Cellcos are eager for the implementation of goods and services tax (GST) which is anticipated to be announced in the upcoming Budget 2014 in Parliament on Oct 25.
They are hoping to leverage on this new policy as a channel to cascade the prepaid service tax to consumers.
All the while, cellcos were paying the prepaid service tax to government although they did not collect from the sales of airtime through prepaid top-ups which in turn, weighed down on their earnings.
Recall that cellcos were initially given the green light to pass on the 6% sales tax to prepaid users in Sept 2011. However, this plan was shelved in response to government’s call not to further burden rakyat’s lifestyle.

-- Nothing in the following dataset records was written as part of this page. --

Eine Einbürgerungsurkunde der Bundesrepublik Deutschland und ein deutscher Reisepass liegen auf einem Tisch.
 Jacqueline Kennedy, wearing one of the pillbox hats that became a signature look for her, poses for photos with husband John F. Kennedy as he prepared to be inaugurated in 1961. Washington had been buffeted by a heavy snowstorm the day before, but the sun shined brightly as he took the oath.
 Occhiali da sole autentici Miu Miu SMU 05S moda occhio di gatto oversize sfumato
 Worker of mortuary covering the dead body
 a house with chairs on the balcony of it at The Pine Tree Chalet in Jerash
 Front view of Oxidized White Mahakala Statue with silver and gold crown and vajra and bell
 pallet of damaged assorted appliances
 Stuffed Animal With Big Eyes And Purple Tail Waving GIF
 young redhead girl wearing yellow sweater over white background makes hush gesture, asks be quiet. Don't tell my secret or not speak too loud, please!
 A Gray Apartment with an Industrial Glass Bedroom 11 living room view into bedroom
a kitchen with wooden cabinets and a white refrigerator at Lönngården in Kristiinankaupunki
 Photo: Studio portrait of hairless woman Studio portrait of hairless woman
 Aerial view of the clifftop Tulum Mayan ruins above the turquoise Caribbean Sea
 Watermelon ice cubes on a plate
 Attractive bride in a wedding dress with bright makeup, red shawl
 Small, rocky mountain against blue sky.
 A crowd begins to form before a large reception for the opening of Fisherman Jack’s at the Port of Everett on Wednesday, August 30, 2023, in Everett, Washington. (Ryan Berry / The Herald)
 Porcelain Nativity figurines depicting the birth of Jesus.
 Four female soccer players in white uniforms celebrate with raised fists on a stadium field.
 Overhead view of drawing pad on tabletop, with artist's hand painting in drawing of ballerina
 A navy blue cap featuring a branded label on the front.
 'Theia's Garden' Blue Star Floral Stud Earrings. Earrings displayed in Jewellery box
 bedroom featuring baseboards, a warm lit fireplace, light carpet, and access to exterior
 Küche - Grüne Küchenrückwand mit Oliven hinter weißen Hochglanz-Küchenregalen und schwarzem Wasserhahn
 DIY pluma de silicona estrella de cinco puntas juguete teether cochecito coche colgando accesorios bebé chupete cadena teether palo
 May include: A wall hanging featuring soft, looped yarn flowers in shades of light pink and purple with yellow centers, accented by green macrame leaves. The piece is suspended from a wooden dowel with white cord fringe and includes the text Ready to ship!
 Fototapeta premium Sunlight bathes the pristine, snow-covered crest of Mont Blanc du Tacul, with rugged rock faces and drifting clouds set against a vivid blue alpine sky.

GST is touted to materialize in 2015.
We welcome this development as this will benefits cellcos in terms of cost savings.
We expect DiGi to benefit the most if this materializes considering that it has the highest proportion (84.0%) of prepaid users to total subscriber base, compared to Maxis (74.8%) and Celcom (77.5%).
Based on our estimation using 2Q13 operating data, DiGi will possibly enjoy the most with 13.6% in earning uplift (based on FY15E PAT), followed by Maxis and Axiata with 7.8% and 6.0% respectively, provided competition and usage remain status quo.
However, we would like to highlight the risk of lower usage (MOU) from prepaid subscribers after the pass through is enforced considering the highly price sensitive nature of this market segment, especially migrants who are the major contributor of the prepaid segment. Hence, this may dwarf our bullish estimation above in the short term as usage declines.
We also do not discount that cellcos may use this opportunity to intensify competition by introducing new packages to compensate the higher cost of service with extra air time or download quota to prepaid subscribers which may also neutralize part of the gain from the tax savings.
Irrational competition, regulation of tariffs, FOREX.
Maintained.
Neutral
Positives – Low beta, defensive, strong cash-generation and dividends should underpin the share price.
Negatives – Potential irrational competition, regulatory risks, unable to monetize data, dumb pipes.
We maintain our top picks for now due to the uncertainty of GST implementation while it is still a distance away in 2015, if realized.